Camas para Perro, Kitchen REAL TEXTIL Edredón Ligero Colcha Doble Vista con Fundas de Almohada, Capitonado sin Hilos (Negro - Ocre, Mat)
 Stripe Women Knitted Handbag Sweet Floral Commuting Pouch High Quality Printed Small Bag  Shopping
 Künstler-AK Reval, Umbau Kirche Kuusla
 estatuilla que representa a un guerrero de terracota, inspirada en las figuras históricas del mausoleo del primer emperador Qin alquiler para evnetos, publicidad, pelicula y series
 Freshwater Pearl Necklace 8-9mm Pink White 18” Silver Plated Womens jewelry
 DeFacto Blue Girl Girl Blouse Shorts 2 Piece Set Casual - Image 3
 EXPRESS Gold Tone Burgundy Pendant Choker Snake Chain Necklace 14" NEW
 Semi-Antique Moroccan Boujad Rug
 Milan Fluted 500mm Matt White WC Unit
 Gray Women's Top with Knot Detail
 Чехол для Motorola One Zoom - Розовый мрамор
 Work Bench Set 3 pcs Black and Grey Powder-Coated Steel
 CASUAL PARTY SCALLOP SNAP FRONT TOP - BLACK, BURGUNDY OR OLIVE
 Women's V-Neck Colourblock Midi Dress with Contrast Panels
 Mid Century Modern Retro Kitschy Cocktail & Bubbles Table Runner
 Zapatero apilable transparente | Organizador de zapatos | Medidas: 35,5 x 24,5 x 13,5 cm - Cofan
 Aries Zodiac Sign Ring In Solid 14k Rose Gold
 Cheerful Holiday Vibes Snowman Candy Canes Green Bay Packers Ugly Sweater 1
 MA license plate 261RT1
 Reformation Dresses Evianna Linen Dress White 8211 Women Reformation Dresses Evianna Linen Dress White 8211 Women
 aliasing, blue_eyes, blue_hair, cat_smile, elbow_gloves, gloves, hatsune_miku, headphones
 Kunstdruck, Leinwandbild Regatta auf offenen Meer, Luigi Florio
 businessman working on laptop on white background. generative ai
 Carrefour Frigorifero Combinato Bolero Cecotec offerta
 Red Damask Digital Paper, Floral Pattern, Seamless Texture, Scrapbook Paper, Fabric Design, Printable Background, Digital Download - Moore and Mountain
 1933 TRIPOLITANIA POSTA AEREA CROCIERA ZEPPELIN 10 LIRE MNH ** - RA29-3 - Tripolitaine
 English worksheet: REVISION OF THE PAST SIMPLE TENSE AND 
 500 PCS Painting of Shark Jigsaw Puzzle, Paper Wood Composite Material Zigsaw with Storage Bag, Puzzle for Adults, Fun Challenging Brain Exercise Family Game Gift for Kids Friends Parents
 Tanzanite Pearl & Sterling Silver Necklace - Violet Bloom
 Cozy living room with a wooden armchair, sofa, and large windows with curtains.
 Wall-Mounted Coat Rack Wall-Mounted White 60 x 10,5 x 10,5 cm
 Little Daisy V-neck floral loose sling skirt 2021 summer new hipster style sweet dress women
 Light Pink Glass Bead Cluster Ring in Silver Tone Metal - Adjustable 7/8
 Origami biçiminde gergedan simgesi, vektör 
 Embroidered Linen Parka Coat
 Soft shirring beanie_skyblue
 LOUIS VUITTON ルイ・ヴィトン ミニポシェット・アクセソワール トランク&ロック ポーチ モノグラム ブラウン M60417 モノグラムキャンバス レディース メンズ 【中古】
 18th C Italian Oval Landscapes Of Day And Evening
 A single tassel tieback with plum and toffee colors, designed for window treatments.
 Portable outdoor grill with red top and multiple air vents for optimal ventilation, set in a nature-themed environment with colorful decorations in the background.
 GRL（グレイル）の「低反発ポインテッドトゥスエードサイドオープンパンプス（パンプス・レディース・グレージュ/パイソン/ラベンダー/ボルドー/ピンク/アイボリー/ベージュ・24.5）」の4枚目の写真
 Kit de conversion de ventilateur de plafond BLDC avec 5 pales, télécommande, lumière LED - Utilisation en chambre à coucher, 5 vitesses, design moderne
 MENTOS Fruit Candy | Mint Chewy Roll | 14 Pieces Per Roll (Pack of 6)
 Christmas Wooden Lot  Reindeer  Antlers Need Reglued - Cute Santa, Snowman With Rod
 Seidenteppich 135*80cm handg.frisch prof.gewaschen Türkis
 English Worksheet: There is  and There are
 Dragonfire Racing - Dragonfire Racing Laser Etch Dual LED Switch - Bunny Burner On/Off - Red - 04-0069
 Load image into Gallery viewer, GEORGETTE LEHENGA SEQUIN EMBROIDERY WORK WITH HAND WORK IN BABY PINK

* **What the task requires**
A verbatim copy of all the entries above is requested.

* **Answer space**
Camas para Perro, Kitchen REAL TEXTIL Edredón Ligero Colcha Doble Vista con Fundas de Almohada, Capitonado sin Hilos (Negro - Ocre, Mat)
 Stripe Women Knitted Handbag Sweet Floral Commuting Pouch High Quality Printed Small Bag  Shopping
 Künstler-AK Reval, Umbau Kirche Kuusla
 estatuilla que representa a un guerrero de terracota, inspirada en las figuras históricas del mausoleo del primer emperador Qin alquiler para evnetos, publicidad, pelicula y series
 Freshwater Pearl Necklace 8-9mm Pink White 18” Silver Plated Womens jewelry
 DeFacto Blue Girl Girl Blouse Shorts 2 Piece Set Casual - Image 3
 EXPRESS Gold Tone Burgundy Pendant Choker Snake Chain Necklace 14" NEW
 Semi-Antique Moroccan Boujad Rug
 Milan Fluted 500mm Matt White WC Unit
 Gray Women's Top with Knot Detail
 Чехол для Motorola One Zoom - Розовый мрамор
 Work Bench Set 3 pcs Black and Grey Powder-Coated Steel
 CASUAL PARTY SCALLOP SNAP FRONT TOP - BLACK, BURGUNDY OR OLIVE
 Women's V-Neck Colourblock Midi Dress with Contrast Panels
 Mid Century Modern Retro Kitschy Cocktail & Bubbles Table Runner
 Zapatero apilable transparente | Organizador de zapatos | Medidas: 35,5 x 24,5 x 13,5 cm - Cofan
 Aries Zodiac Sign Ring In Solid 14k Rose Gold
 Cheerful Holiday Vibes Snowman Candy Canes Green Bay Packers Ugly Sweater 1
 MA license plate 261RT1
 Reformation Dresses Evianna Linen Dress White 8211 Women Reformation Dresses Evianna Linen Dress White 8211 Women
 aliasing, blue_eyes, blue_hair, cat_smile, elbow_gloves, gloves, hatsune_miku, headphones
 Kunstdruck, Leinwandbild Regatta auf offenen Meer, Luigi Florio
 businessman working on laptop on white background. generative ai
 Carrefour Frigorifero Combinato Bolero Cecotec offerta
 Red Damask Digital Paper, Floral Pattern, Seamless Texture, Scrapbook Paper, Fabric Design, Printable Background, Digital Download - Moore and Mountain
 1933 TRIPOLITANIA POSTA AEREA CROCIERA ZEPPELIN 10 LIRE MNH ** - RA29-3 - Tripolitaine
 English worksheet: REVISION OF THE PAST SIMPLE TENSE AND 
 500 PCS Painting of Shark Jigsaw Puzzle, Paper Wood Composite Material Zigsaw with Storage Bag, Puzzle for Adults, Fun Challenging Brain Exercise Family Game Gift for Kids Friends Parents
 Tanzanite Pearl & Sterling Silver Necklace - Violet Bloom
 Cozy living room with a wooden armchair, sofa, and large windows with curtains.
 Wall-Mounted Coat Rack Wall-Mounted White 60 x 10,5 x 10,5 cm
 Little Daisy V-neck floral loose sling skirt 2021 summer new hipster style sweet dress women
 Light Pink Glass Bead Cluster Ring in Silver Tone Metal - Adjustable 7/8
 Origami biçiminde gergedan simgesi, vektör 
 Embroidered Linen Parka Coat
 Soft shirring beanie_skyblue
 LOUIS VUITTON ルイ・ヴィトン ミニポシェット・アクセソワール トランク&ロック ポーチ モノグラム ブラウン M60417 モノグラムキャンバス レディース メンズ 【中古】
 18th C Italian Oval Landscapes Of Day And Evening
 A single tassel tieback with plum and toffee colors, designed for window treatments.
 Portable outdoor grill with red top and multiple air vents for optimal ventilation, set in a nature-themed environment with colorful decorations in the background.
 GRL（グレイル）の「低反発ポインテッドトゥスエードサイドオープンパンプス（パンプス・レディース・グレージュ/パイソン/ラベンダー/ボルドー/ピンク/アイボリー/ベージュ・24.5）」の4枚目の写真
 Kit de conversion de ventilateur de plafond BLDC avec 5 pales, télécommande, lumière LED - Utilisation en chambre à coucher, 5 vitesses, design moderne
 MENTOS Fruit Candy | Mint Chewy Roll | 14 Pieces Per Roll (Pack of 6)
 Christmas Wooden Lot  Reindeer  Antlers Need Reglued - Cute Santa, Snowman With Rod
 Seidenteppich 135*80cm handg.frisch prof.gewaschen Türkis
 English Worksheet: There is  and There are
 Dragonfire Racing - Dragonfire Racing Laser Etch Dual LED Switch - Bunny Burner On/Off - Red - 04-0069
 Load image into Gallery viewer, GEORGETTE LEHENGA SEQUIN EMBROIDERY WORK WITH HAND WORK IN BABY PINK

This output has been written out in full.